The Catalan National Assembly backs its former president Jordi Sànchez’s appeal of his 9-year prison sentence for the crime of sedition, which he received for his role as a civil society leader and for calling peaceful demonstrations against Spanish repression prior to the October 2017 Catalan independence referendum.

The president of the Catalan National Assembly Elisenda Paluzié, alongside its former president, Jordi Sànchez, announced yesterday that, having exhausted all domestic judicial remedies in Spain, they launched an appeal before the European Court of Human Rights (ECHR) to denounce the disproportionate 9-year prison sentence (of which he spent almost 4 years in jail) that he received for his role as a pro-independence civic leader during the months prior to the October 1st2017 Catalan independence referendum.

During a press conference held in the same location where the 20-S peaceful protest took place 4 years ago, Assemblea President Elisenda Paluzie has given her support to Mr. Sànchez, and stated that “There have been several serious and accredited fundamental rights violations of the European Convention on Human Rights. Among them we must emphasize the violation of the right of assembly, the freedom of expression or the ideological freedom”.

In addition, she added that “all anti-repressive action must legitimize us more internally and externally. At Assemblea we are convinced that the European sentences will reinforce the cause of the self-determination and the independence of Catalonia”.

Mr. Sànchez, in turn, made clear that with this demand he hopes that “the Kingdom of Spain will receive unequivocal corrective measures from the highest European body in the field of justice and human rights.”

He also explained that he is going to Strasbourg “so that no other citizen of Catalonia will ever have the uncertainty that exercising fundamental rights can be the reason for a conviction like mine. This is about defending the rights that should be protected in a democracy.”
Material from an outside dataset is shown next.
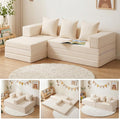 65" L Shaped Couch for Small Spaces, No Assembly Cloud Sectional Sofa with Deep Seat, Left Facing Chaise, 5-in-1 Modular 3 Seater Corduroy Couch for Apartment, Beige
International personalities such as Gérard Onesta, former vice president of the European Parliament (France), Clare Daly, Member of the European Parliament (Ireland), and Sébastien Nadot, Member of the French National Assembly and its Foreign Affairs Committee, gave their support via video. Mr Onesta denounced that “Spanish justice is a political justice”, and one that “that manipulates not only facts, but also words”, for instance accusing of “terrorism” many of those who question the democratic quality of the system. Ms Daly criticized the silence of the European Commission on this alarming case and encouraged the Catalan people to keep up their struggle, as by doing so they are also fighting for the rights of all European citizens. In a similar vein, French MP Sébastien Nadot expressed the importance “for Jordi Sànchez to be compensated for the violation of the right he has suffered by Spanish authorities” and called the European Court of Human Rights to closely study his case.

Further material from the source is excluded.